* **Your objective**:
A faithful copy without images is required: write out all the records exactly.

Collected data
- Opening Delimiter -
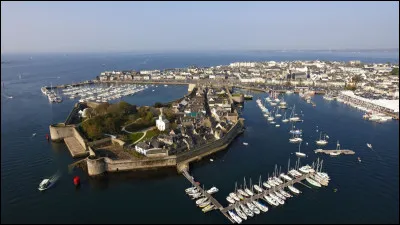 Ville bretonne, située au sud du département du Finistère, important port de pêche et station touristique :
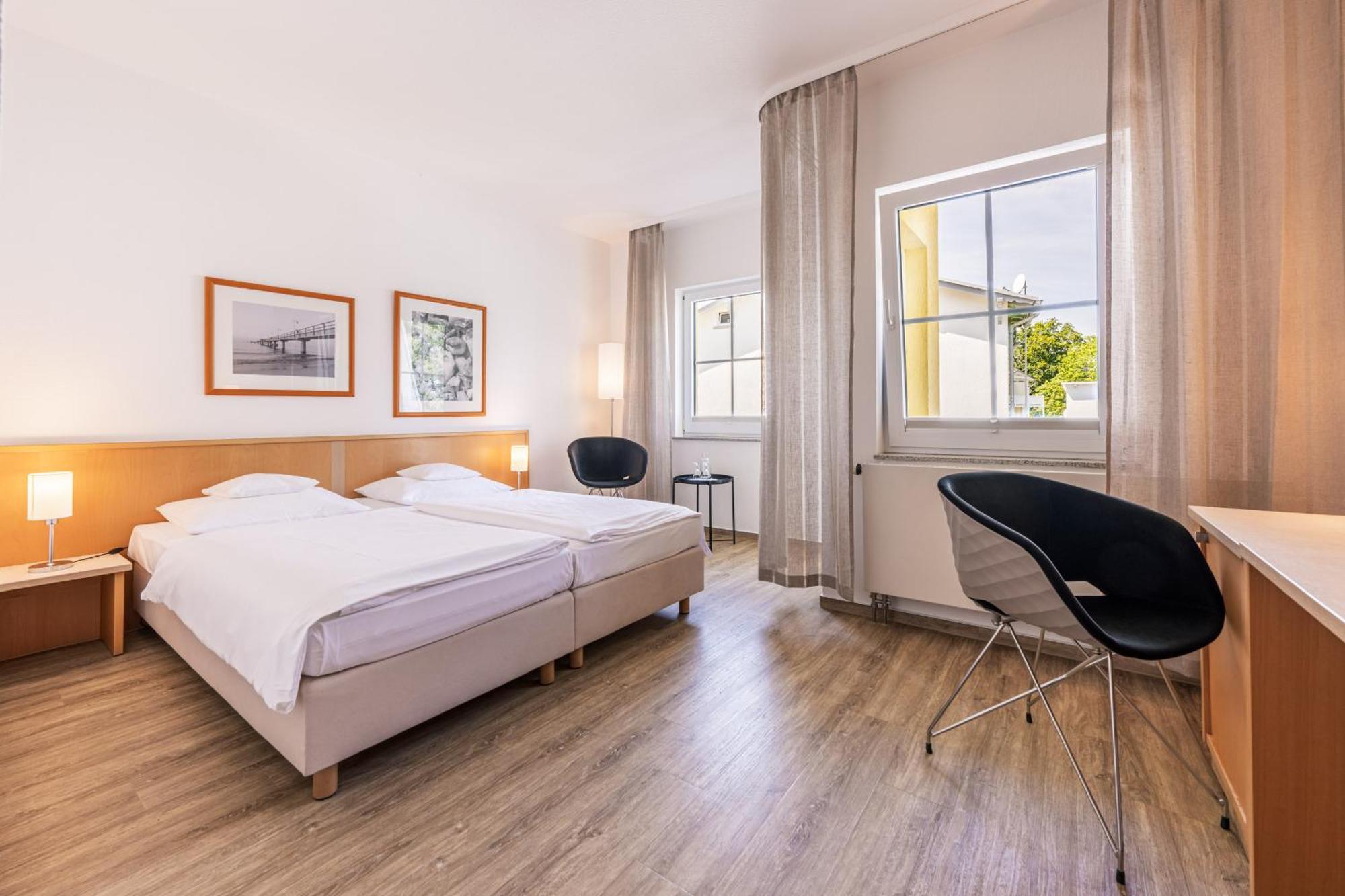 Inselhotel Ruegen Goehren  Extérieur photo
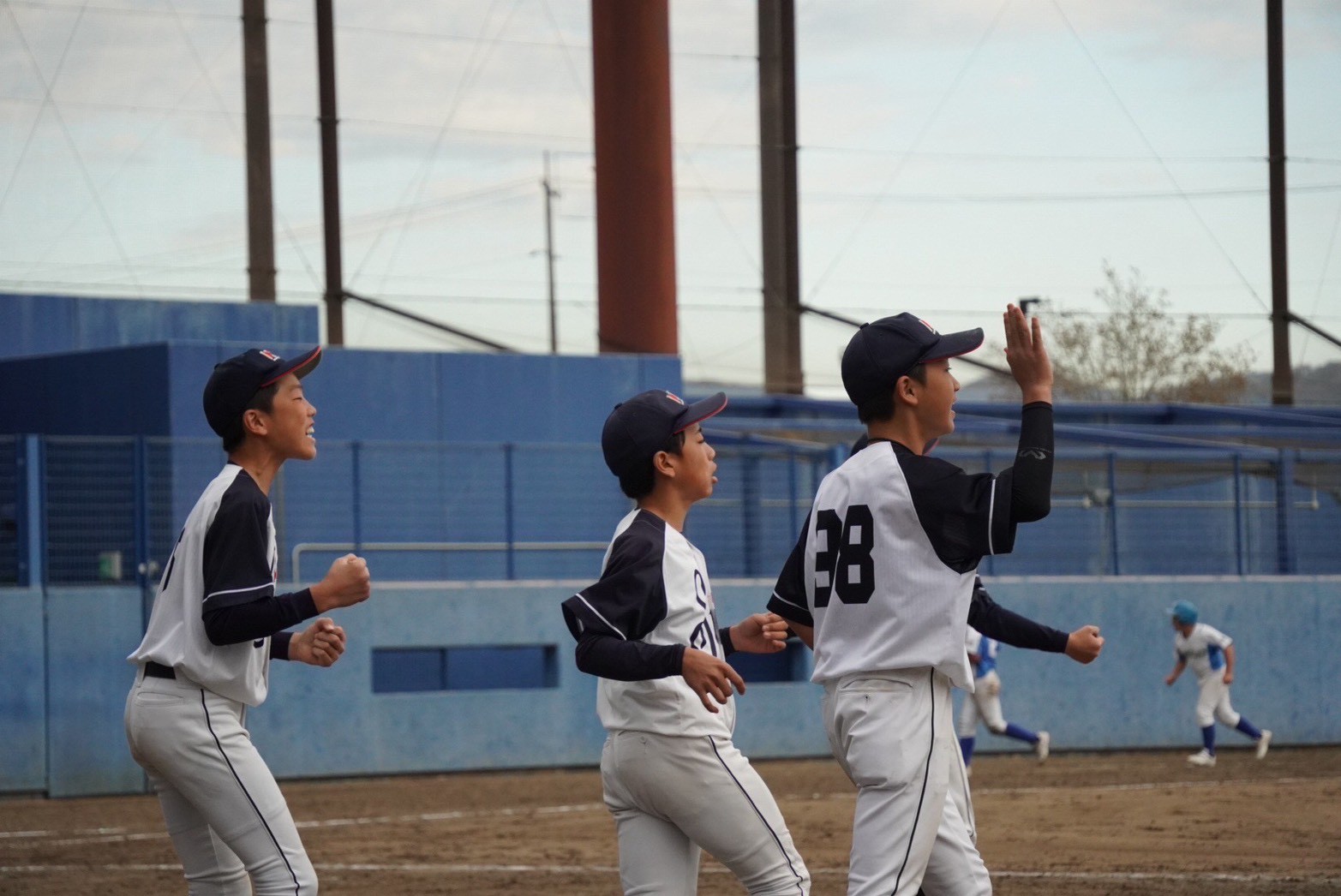 LINE_ALBUM_20251124 伯和招待　vs三和クラブ_251128_17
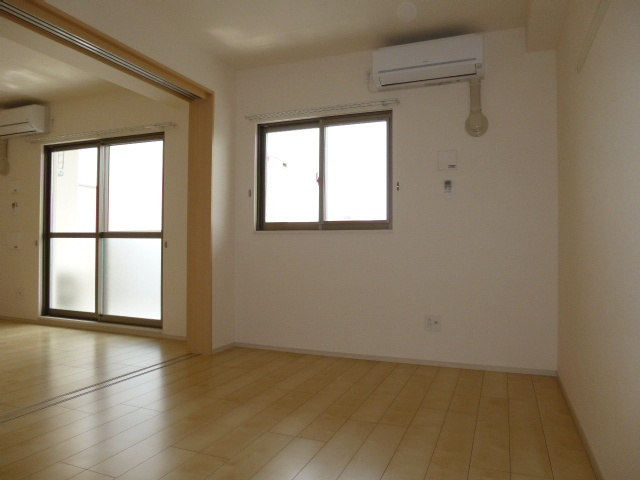 ケイマイティの洋室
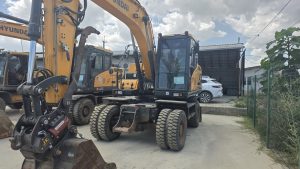 Колёсный экскаватор Hyundai HW145 (10255 м/ч)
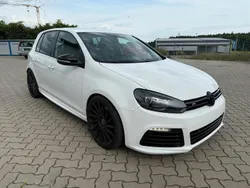 Weiß Gebraucht 2012 VW Golf VI R Kleinwagen | 18.790 €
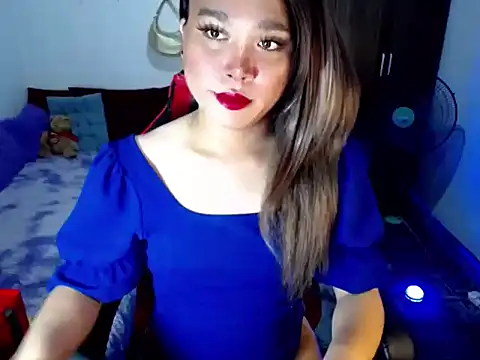 Snapshot of Urassiansweetcummer chatting on 03/25/26, 03:34 Urassiansweetcummer online show from 03/25/26, 03:34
- Closing Delimiter -
* **Answer space**:
 Ville bretonne, située au sud du département du Finistère, important port de pêche et station touristique :
 Inselhotel Ruegen Goehren  Extérieur photo
 LINE_ALBUM_20251124 伯和招待　vs三和クラブ_251128_17
 ケイマイティの洋室
 Колёсный экскаватор Hyundai HW145 (10255 м/ч)
 Weiß Gebraucht 2012 VW Golf VI R Kleinwagen | 18.790 €
 Snapshot of Urassiansweetcummer chatting on 03/25/26, 03:34 Urassiansweetcummer online show from 03/25/26, 03:34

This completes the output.